══ TASK INPUT

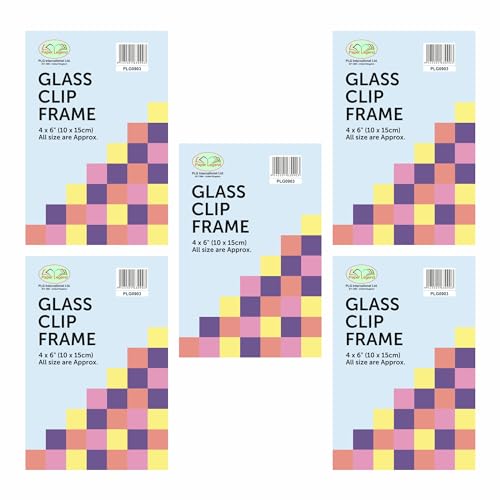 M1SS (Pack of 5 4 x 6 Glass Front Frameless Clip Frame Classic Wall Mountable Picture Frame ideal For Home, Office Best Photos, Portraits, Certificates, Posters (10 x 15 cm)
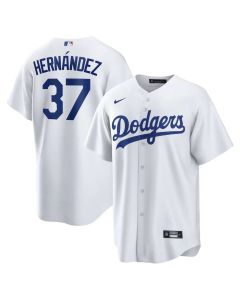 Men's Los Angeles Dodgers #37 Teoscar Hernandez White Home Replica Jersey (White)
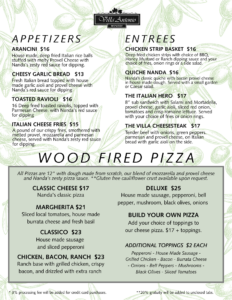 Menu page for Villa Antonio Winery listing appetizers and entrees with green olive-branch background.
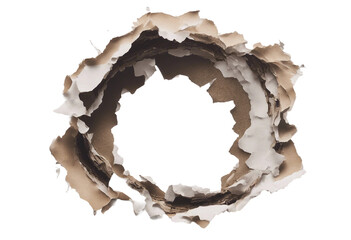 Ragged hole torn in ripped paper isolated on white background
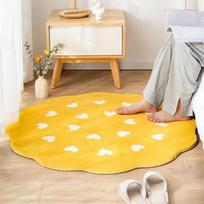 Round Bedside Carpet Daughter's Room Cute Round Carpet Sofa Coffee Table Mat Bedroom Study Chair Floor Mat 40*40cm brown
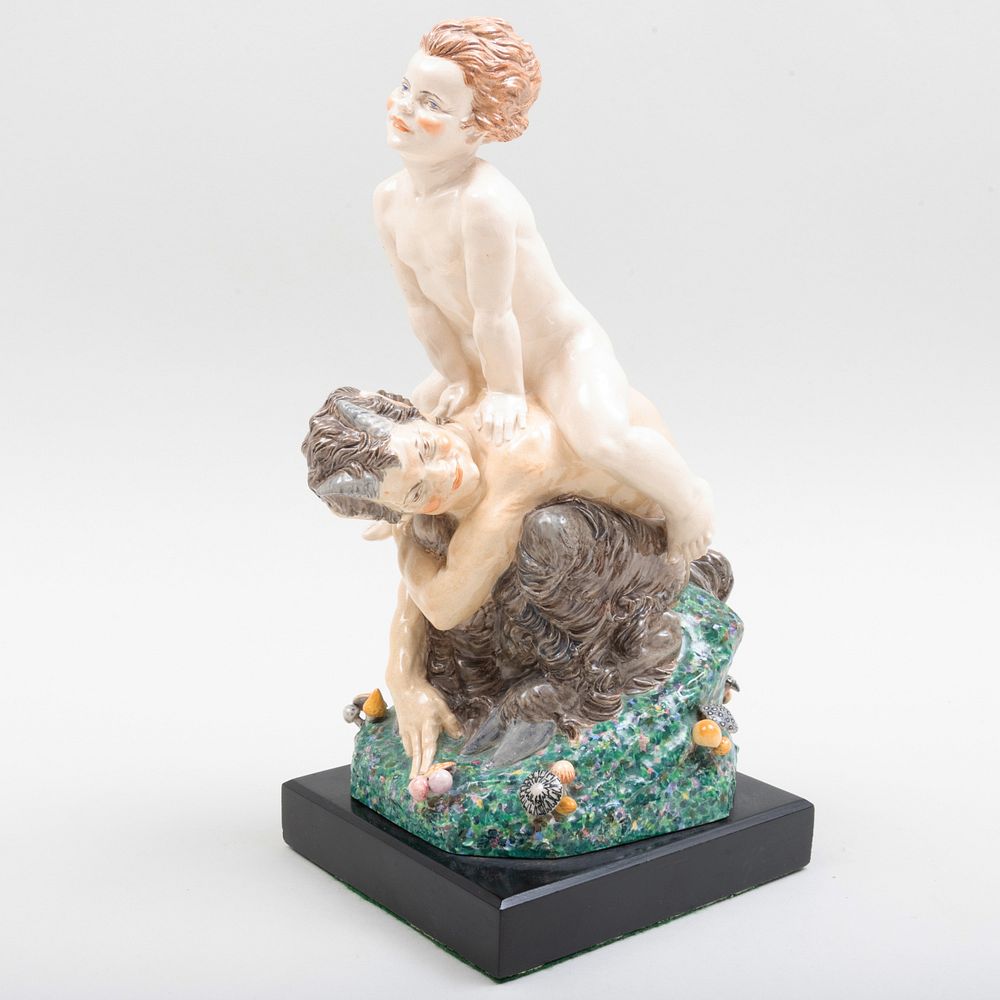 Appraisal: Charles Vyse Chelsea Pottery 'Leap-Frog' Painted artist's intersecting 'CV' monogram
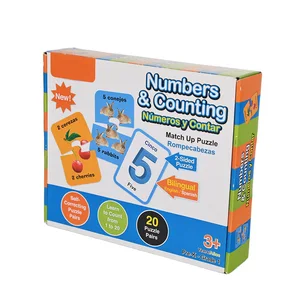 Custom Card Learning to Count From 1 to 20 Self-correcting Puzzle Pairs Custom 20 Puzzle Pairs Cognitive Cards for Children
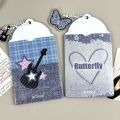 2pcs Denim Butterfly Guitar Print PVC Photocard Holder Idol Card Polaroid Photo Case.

════
══ TASK INPUT

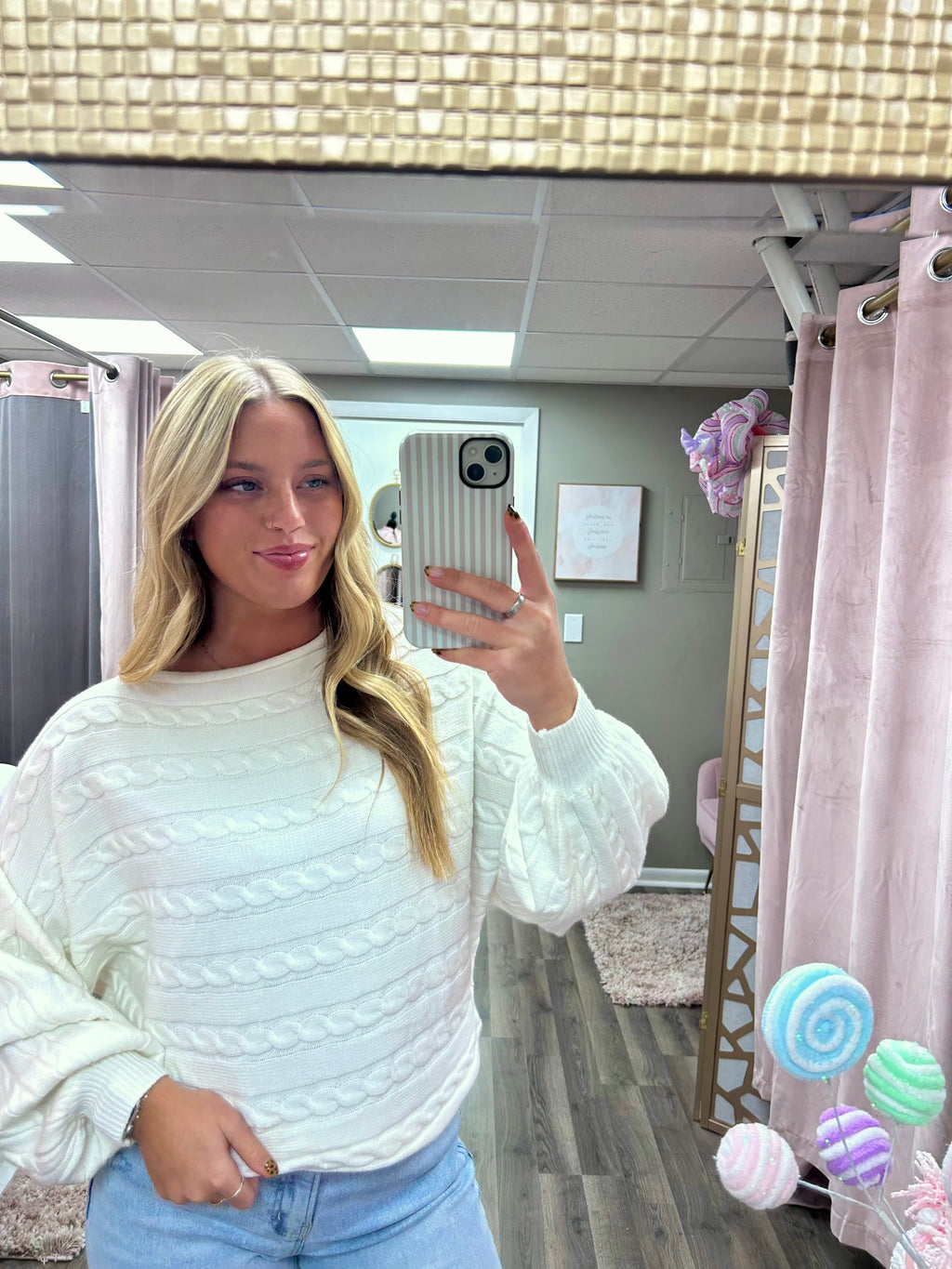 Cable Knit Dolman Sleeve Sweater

════

■ WHAT IS EXPECTED
Take the lines above starting at the one containing "M1SS (Pack of" and ending at the one containing "2pcs Denim Butterfly", and print them again exactly, without pictures.

■ EXERCISE ANSWER
 M1SS (Pack of 5 4 x 6 Glass Front Frameless Clip Frame Classic Wall Mountable Picture Frame ideal For Home, Office Best Photos, Portraits, Certificates, Posters (10 x 15 cm)
 Men's Los Angeles Dodgers #37 Teoscar Hernandez White Home Replica Jersey (White)
 Menu page for Villa Antonio Winery listing appetizers and entrees with green olive-branch background.
 Ragged hole torn in ripped paper isolated on white background
 Round Bedside Carpet Daughter's Room Cute Round Carpet Sofa Coffee Table Mat Bedroom Study Chair Floor Mat 40*40cm brown
 Appraisal: Charles Vyse Chelsea Pottery 'Leap-Frog' Painted artist's intersecting 'CV' monogram
 Custom Card Learning to Count From 1 to 20 Self-correcting Puzzle Pairs Custom 20 Puzzle Pairs Cognitive Cards for Children
 2pcs Denim Butterfly Guitar Print PVC Photocard Holder Idol Card Polaroid Photo Case.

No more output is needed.